Il cambio di stagione non è mai solo pratico, è anche psicologico. Parla di ciò che facciamo fatica a eliminare, di ciò che non sappiamo ancora riconoscere e di ciò che non ci concediamo di essere.
Troppi capi che non indossiamo sono spesso il corrispettivo di pensieri ingombranti: “non sono abbastanza”, “magari un giorno mi servirà”, “prima o poi cambierò”.
Così come un armadio vuoto, povero di alternative, può raccontare di una parte di noi che teme di osare, di occupare spazio, di concedersi la libertà di cambiare.
Dopo lo stand-by dell’estate, sia per una vacanza o semplice rallentamento della routine, ci ritroviamo a rientrare in vecchi abiti con nuove sensazioni addosso. E lì scatta la domanda: “Questa misura mi contiene ancora? È adatta a chi sono oggi?”
Quando la risposta è positiva, tutto bene, significa che possiamo esprimerci senza costrizione, contare su uno spazio (esteriore e interiore) calibrato su ciò che serve ora, non su ciò che serviva ieri.

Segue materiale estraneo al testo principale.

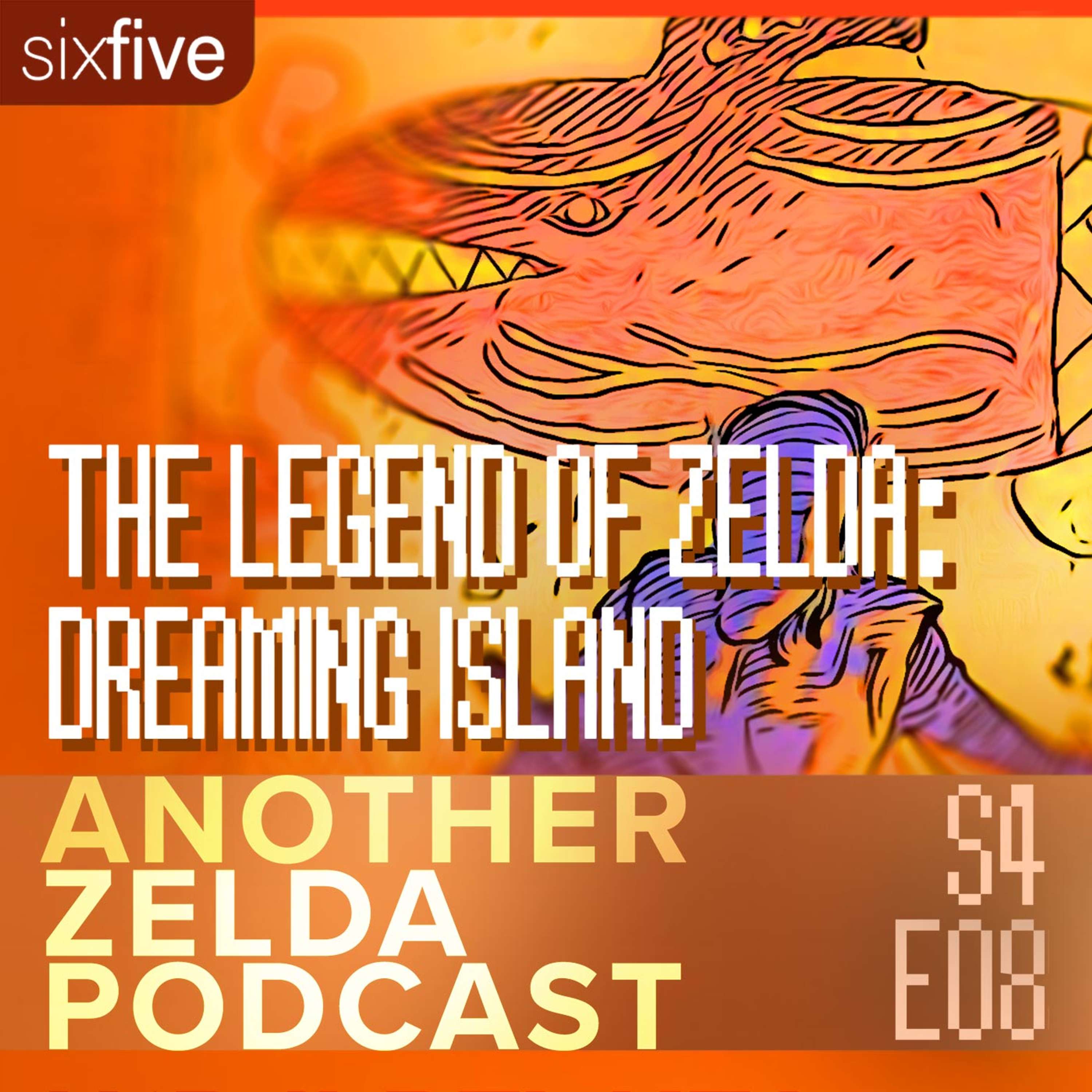 cover of episode S4 EP08 | The Legend of Zelda: Dreaming Island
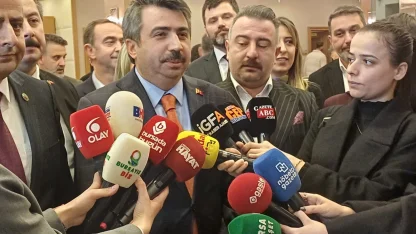 Başkanı Yılmaz’dan Bursa yönetimine eleştiri: Kaynaklar verimsiz kullanılıyor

Quando la risposta è negativa, non è necessariamente un male, a patto che il disagio davanti a ciò che non ci rappresenta venga trattato come un invito, ad ascoltarci, a creare una nuova misura, a non aver paura di lasciar andare.
In questo modo il guardaroba diventa specchio, riflette la necessità di un cambiamento, ci invita a scegliere, a sperimentare nuove combinazioni, riletture e rinnovamenti.
In definitiva si tratta di creare un guardaroba misurato che da un lato vuol dire che è stato tarato, soppesato, scelto, dall’altro tenuto entro una certa misura, in entrambe i casi le domande utili in questo esercizio sono semplici:
Cosa tengo perché mi serve davvero? Cosa lascio perché non mi rappresenta più?
E le risposte, spesso, non riguardano solo i vestiti ma anche abitudini, ruoli, qualità. In entrambi i casi:
- scegli per aderenza, non per abitudine: tieni ciò che ti rappresenta oggi, non ciò che ti definiva ieri;
- non temere il vuoto: un armadio troppo pieno, come una vita troppo affollata, non lascia respirare;
- lascia tracce del passato che fungano da ponte, elementi che accompagnino la transizione.
Alla fine, la giusta misura non è una taglia né un numero di grucce.
È la capacità di riconoscere quando uno spazio, esterno o interno, ci contiene davvero.
E così il guardaroba smette di essere un semplice contenitore e diventa un alleato silenzioso: ci ricorda che cambiare è naturale, che gli abiti possono seguirci nelle trasformazioni, e che l’essenziale non è conservare tutto, ma scegliere ciò che vibra con chi siamo adesso.